This buying experience is given at length because it explains our selling policy. Instead of giving attention to competitors or to demand, our prices are based on an estimate of what the largest possible number of people will want to pay, or can pay, for what we have to sell. And what has resulted from that policy is best evidenced by comparing the price of the touring car and the production.
YEAR PRICE PRODUCTION 1909-10 $950 18,664 cars 1910-11 $780 34,528 " 1911-12 $690 78,440 " 1912-13 $600 168,220 " 1913-14 $550 248,307 " 1914-15 $490 308,213 " 1915-16 $440 533,921 " 1916-17 $360 785,432 " 1917-18 $450 706,584 " 1918-19 $525 533,706 " (The above two years were war years and the factory was in war work). 1919-20 $575 to $440 996,660 " 1920-21 $440 to $355 1,250,000 "
The high prices of 1921 were, considering the financial inflation, not really high. At the time of writing the price is $497. These prices are actually lower than they appear to be, because improvements in quality are being steadily made. We study every car in order to discover if it has features that might be developed and adapted. If any one has anything better than we have we want to know it, and for that reason we buy one of every new car that comes out. Usually the car is used for a while, put through a road test, taken apart, and studied as to how and of what everything is made. Scattered about Dearborn there is probably one of nearly every make of car on earth. Every little while when we buy a new car it gets into the newspapers and somebody remarks that Ford doesn't use the Ford. Last year we ordered a big Lanchester—which is supposed to be the best car in England. It lay in our Long Island factory for several months and then I decided to drive it to Detroit. There were several of us and we had a little caravan—the Lanchester, a Packard, and a Ford or two. I happened to be riding in the Lanchester passing through a New York town and when the reporters came up they wanted to know right away why I was not riding in a Ford.
"Well, you see, it is this way," I answered. "I am on a vacation now; I am in no hurry, we do not care much when we get home. That is the reason I am not in the Ford."
You know, we also have a line of "Ford stories"!
Our policy is to reduce the price, extend the operations, and improve the article. You will notice that the reduction of price comes first. We have never considered any costs as fixed. Therefore we first reduce the price to a point where we believe more sales will result. Then we go ahead and try to make the price. We do not bother about the costs. The new price forces the costs down. The more usual way is to take the costs and then determine the price, and although that method may be scientific in the narrow sense, it is not scientific in the broad sense, because what earthly use is it to know the cost if it tells you you cannot manufacture at a price at which the article can be sold? But more to the point is the fact that, although one may calculate what a cost is, and of course all of our costs are carefully calculated, no one knows what a cost ought to be. One of the ways of discovering what a cost ought to be is to name a price so low as to force everybody in the place to the highest point of efficiency. The low price makes everybody dig for profits. We make more discoveries concerning manufacturing and selling under this forced method than by any method of leisurely investigation.

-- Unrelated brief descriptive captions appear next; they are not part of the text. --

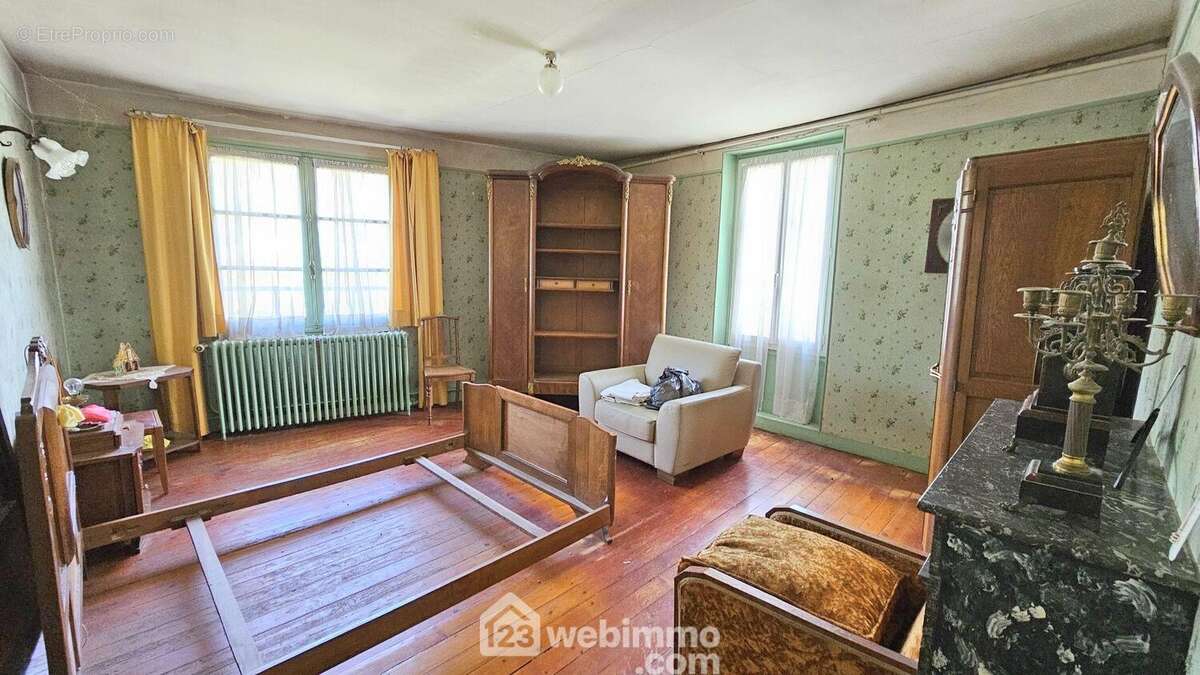 Une seconde chambre de 22 m² toute parquetée et lumineuse.
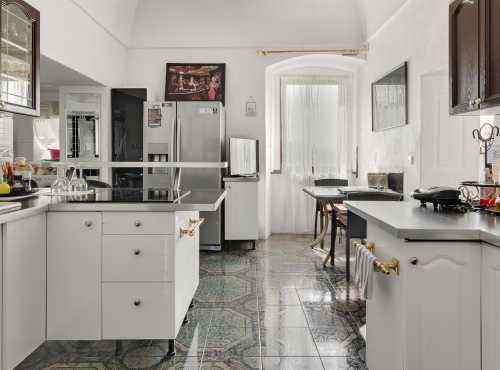 Zahraniční nemovitosti - Historický měšťanský dům z 15. století, Slovensko - Kremnica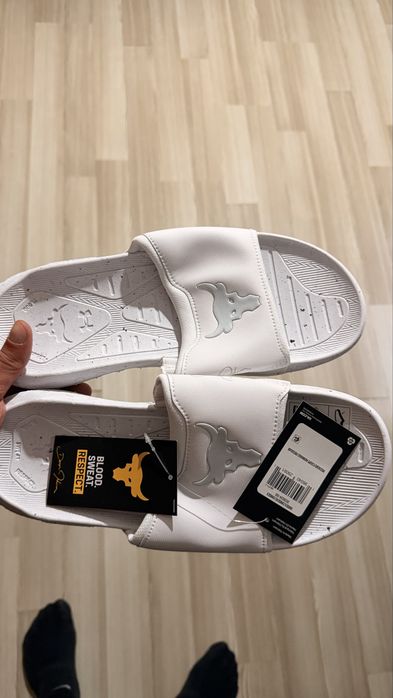 Papuci noi  Under armour project rock 3 marimea 45.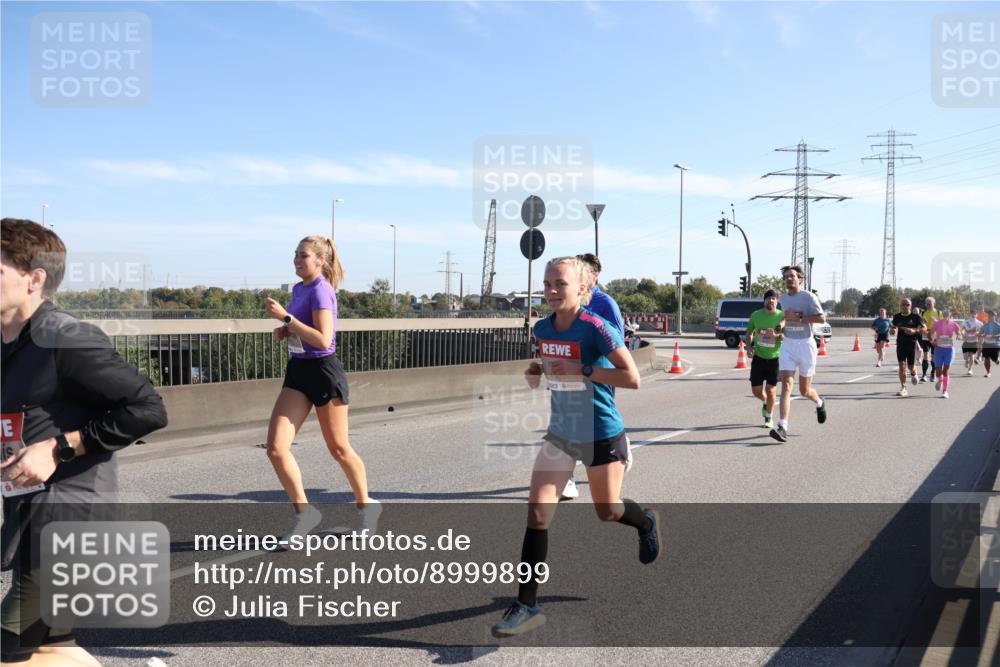 03.10.2025 - Köhlbrandbrückenlauf Julia Fischer http://msf.ph/oto/8999899 03.10.2025 12:13:56 Position 3  meine-sportfotos.de
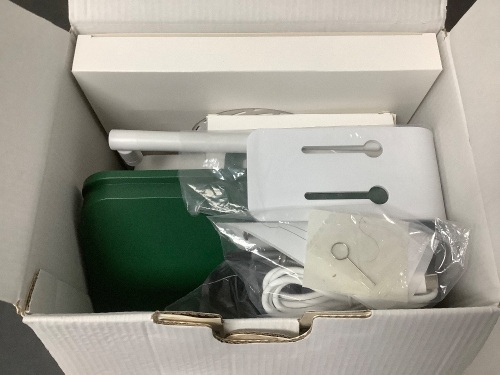 Smart Bird Feeder Camera Battery/Solar Powered - Lot 9229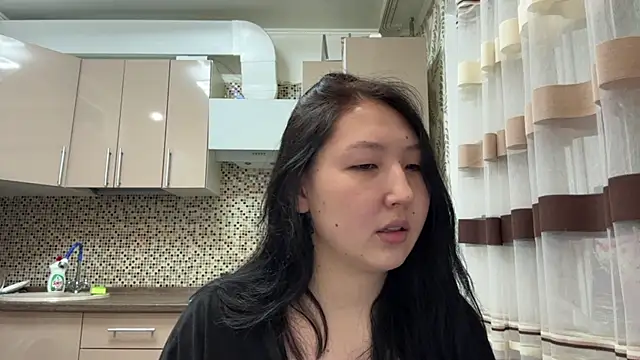 Ameliya kim online show from April 3, 9:10 pm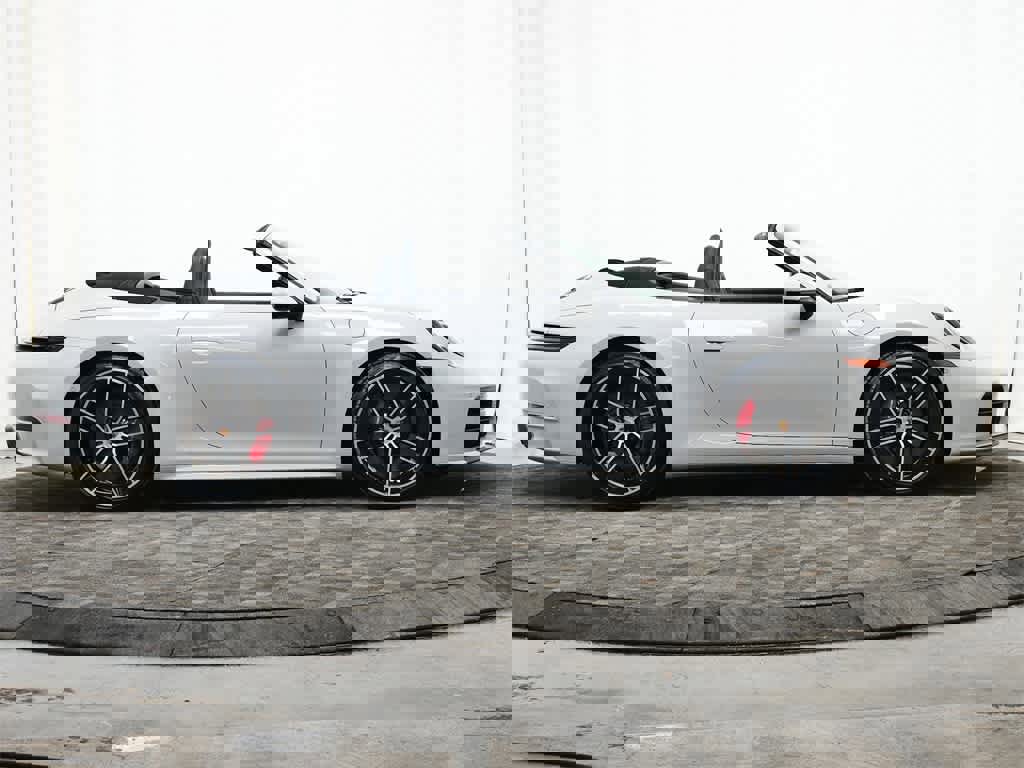 New 2026 Porsche 911 Carrera 4S image 8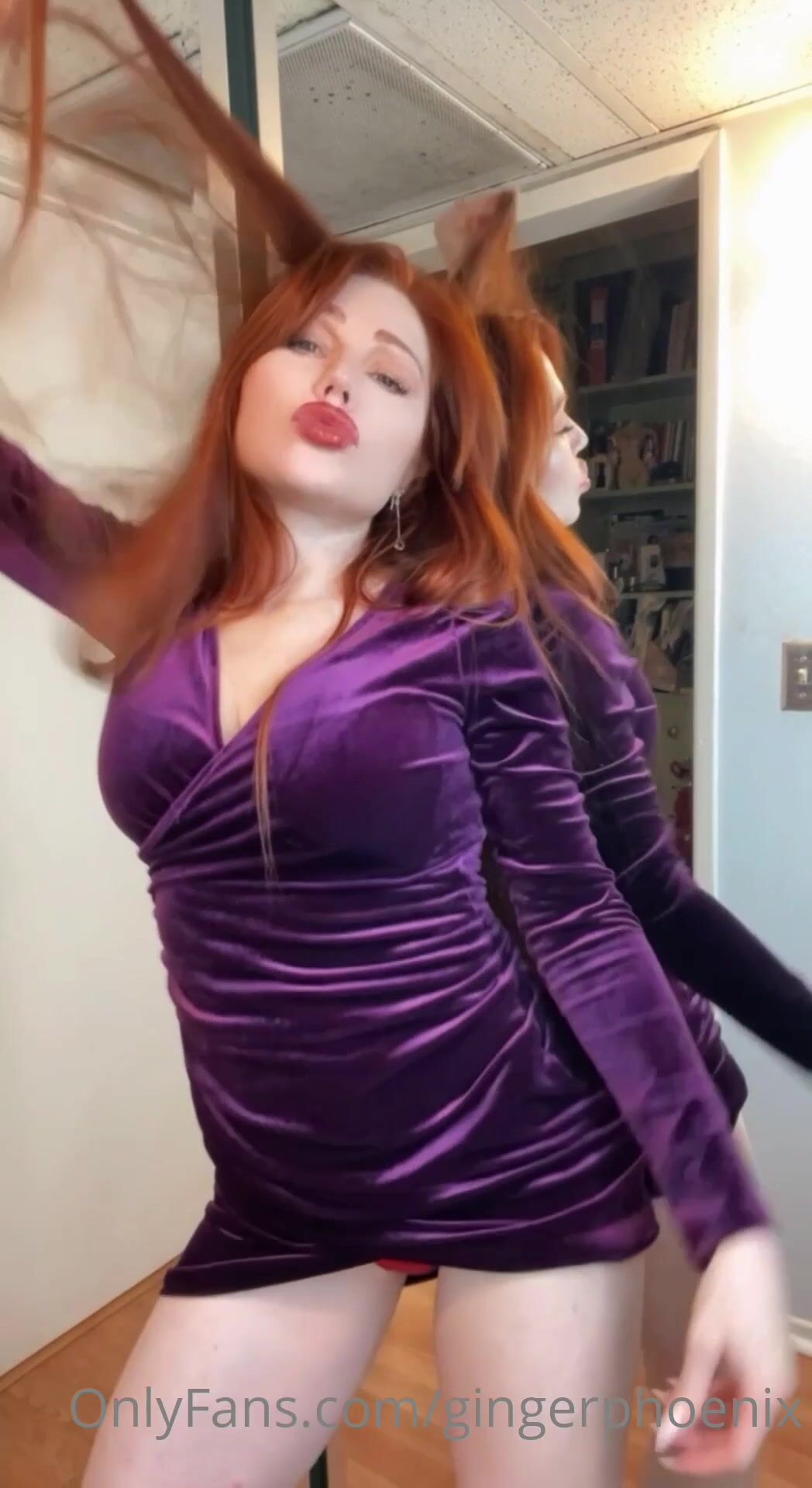 Ginger Phoenix Dress Clip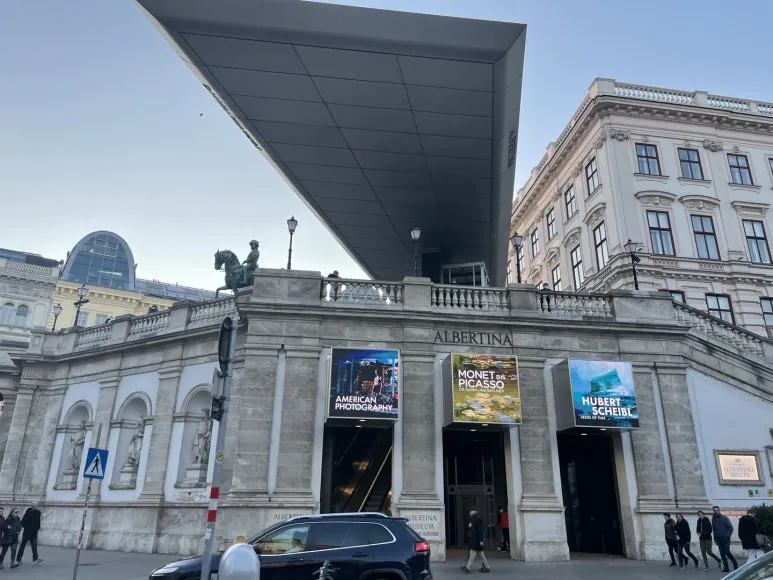 KakaoTalk_20231213_111410592_04.jpg?type=w773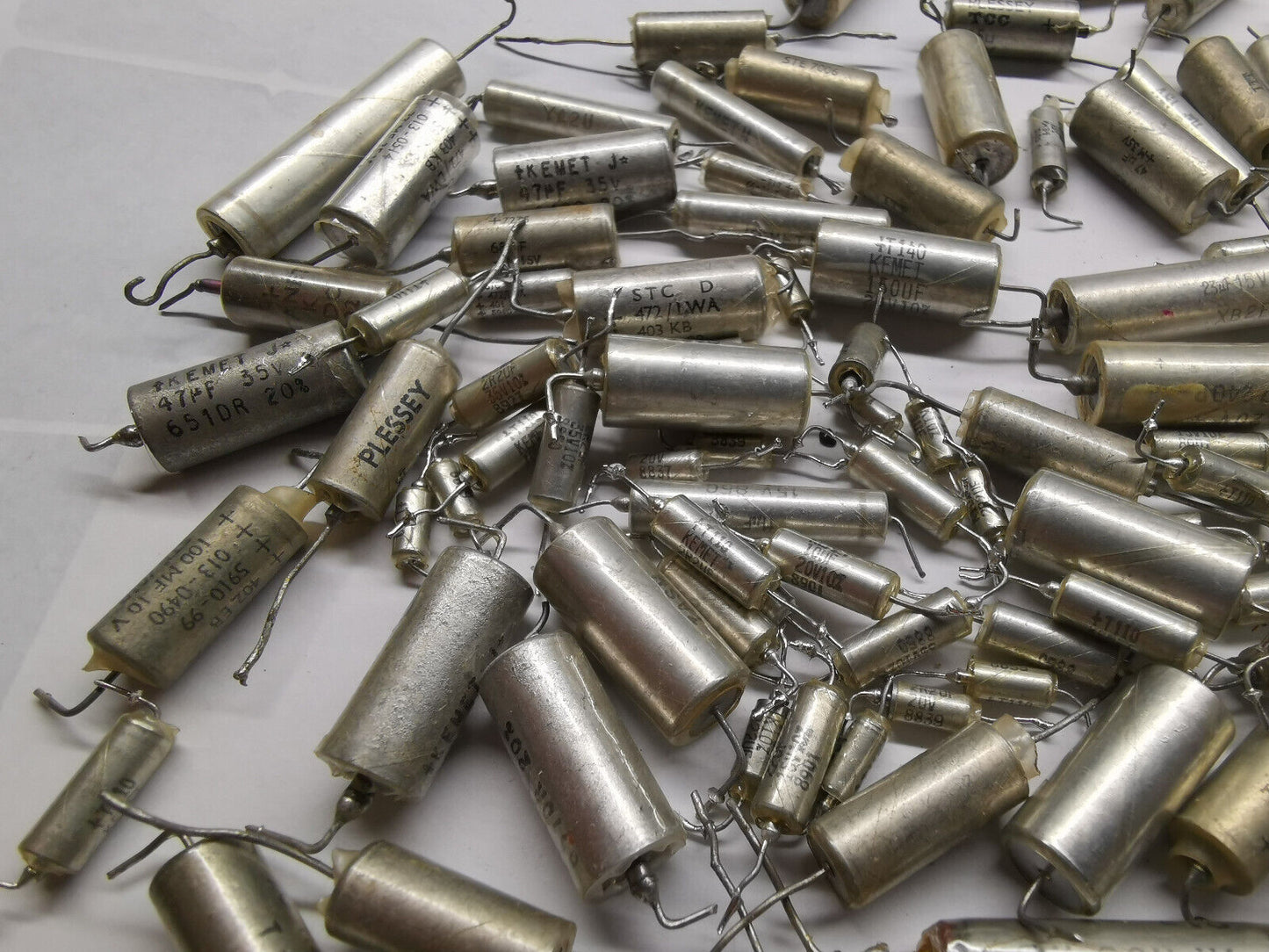 132pcs Solid Tantalum Capacitor Few Values From Military Equipment
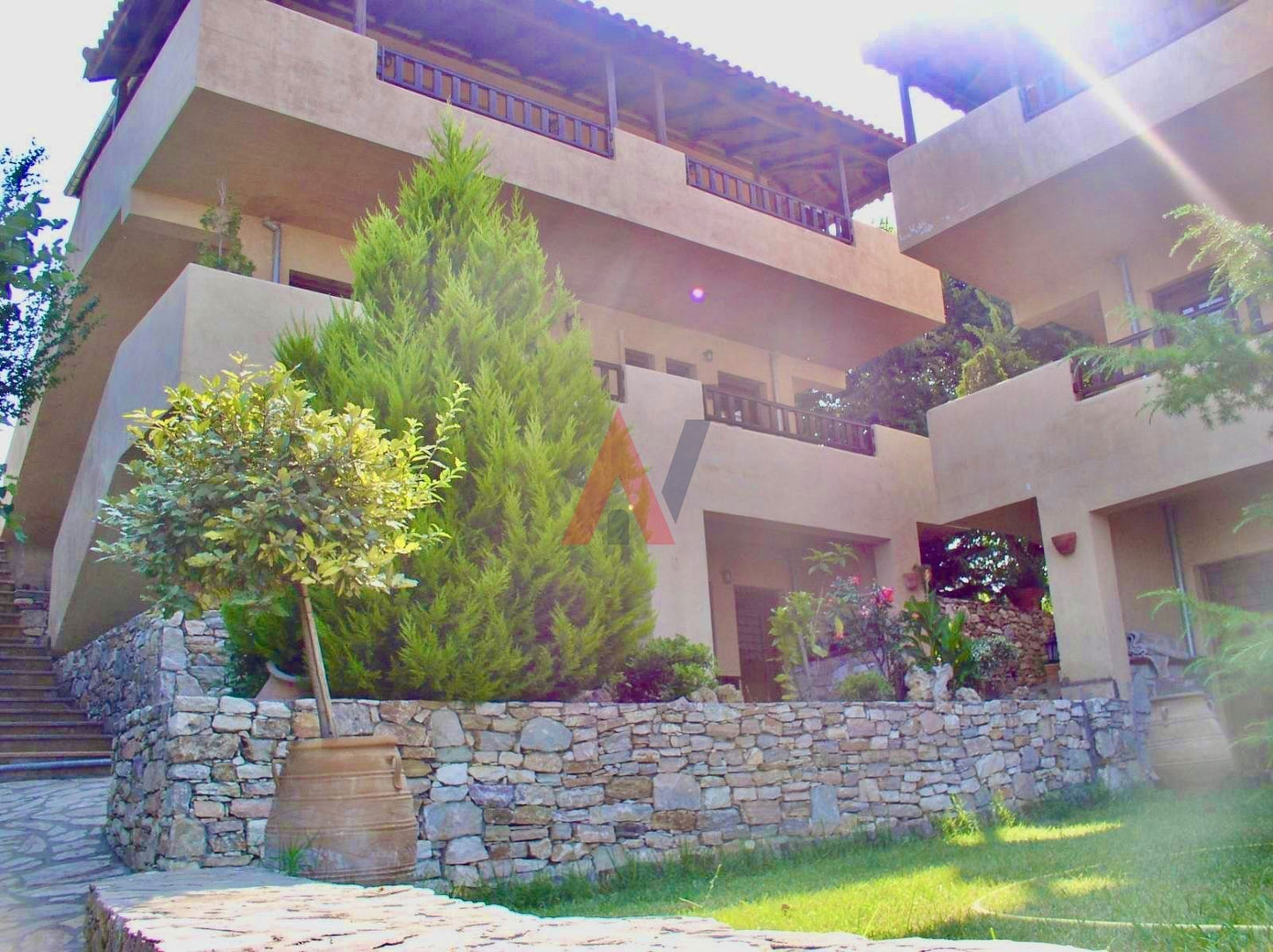 Πωλείται 3 επιπέδων Ξενοδοχείο 800τμ Περιστέρα Βασιλικά Περίχωρα Θεσσαλονίκη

The payment of high wages fortunately contributes to the low costs because the men become steadily more efficient on account of being relieved of outside worries. The payment of five dollars a day for an eight-hour day was one of the finest cost-cutting moves we ever made, and the six-dollar day wage is cheaper than the five. How far this will go, we do not know.
We have always made a profit at the prices we have fixed and, just as we have no idea how high wages will go, we also have no idea how low prices will go, but there is no particular use in bothering on that point. The tractor, for instance, was first sold for $750, then at $850, then at $625, and the other day we cut it 37 per cent, to $395. The tractor is not made in connection with the automobiles. No plant is large enough to make two articles. A shop has to be devoted to exactly one product in order to get the real economies.
For most purposes a man with a machine is better than a man without a machine. By the ordering of design of product and of manufacturing process we are able to provide that kind of a machine which most multiplies the power of the hand, and therefore we give to that man a larger role of service, which means that he is entitled to a larger share of comfort.
Keeping that principle in mind we can attack waste with a definite objective. We will not put into our establishment anything that is useless. We will not put up elaborate buildings as monuments to our success. The interest on the investment and the cost of their upkeep only serve to add uselessly to the cost of what is produced—so these monuments of success are apt to end as tombs. A great administration building may be necessary. In me it arouses a suspicion that perhaps there is too much administration. We have never found a need for elaborate administration and would prefer to be advertised by our product than by where we make our product.